What is needed is an exact repetition of the lines from the first one in the data through the line with "Small Camouflage Dog Tag in Sterling Silver", with no pictures.

(Beginning of Data supplied)

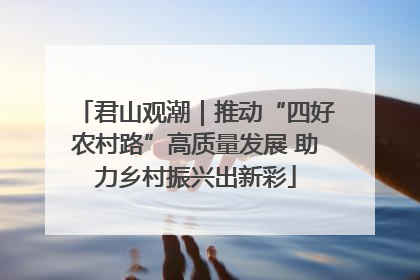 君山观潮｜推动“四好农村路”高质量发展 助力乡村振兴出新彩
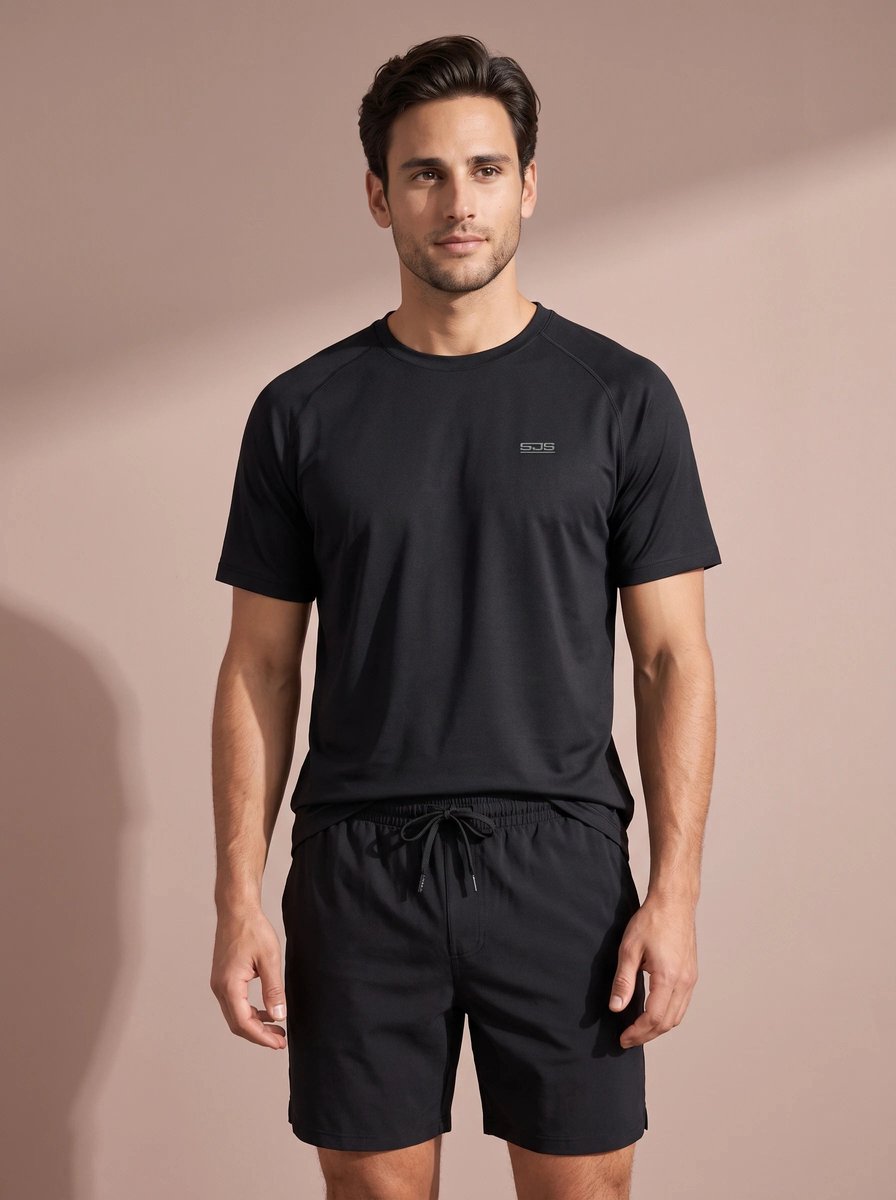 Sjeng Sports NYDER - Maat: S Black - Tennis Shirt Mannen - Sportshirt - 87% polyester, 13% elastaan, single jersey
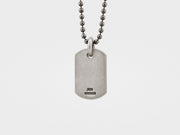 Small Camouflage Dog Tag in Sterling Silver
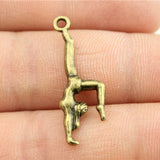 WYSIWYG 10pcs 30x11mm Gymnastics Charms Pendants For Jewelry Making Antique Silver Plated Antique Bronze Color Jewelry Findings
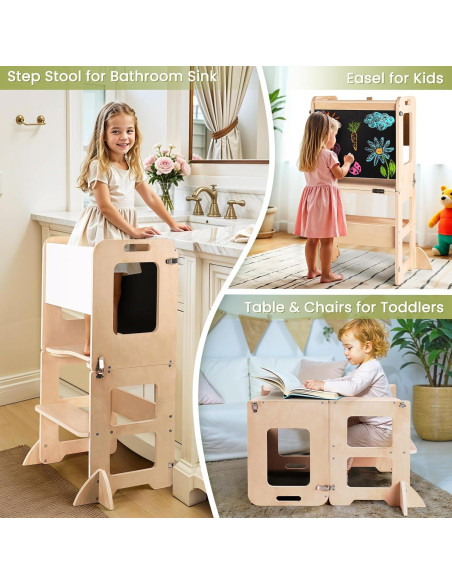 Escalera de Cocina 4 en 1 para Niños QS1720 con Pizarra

(End of Data supplied)

Your solution
 君山观潮｜推动“四好农村路”高质量发展 助力乡村振兴出新彩
 Sjeng Sports NYDER - Maat: S Black - Tennis Shirt Mannen - Sportshirt - 87% polyester, 13% elastaan, single jersey
 Small Camouflage Dog Tag in Sterling Silver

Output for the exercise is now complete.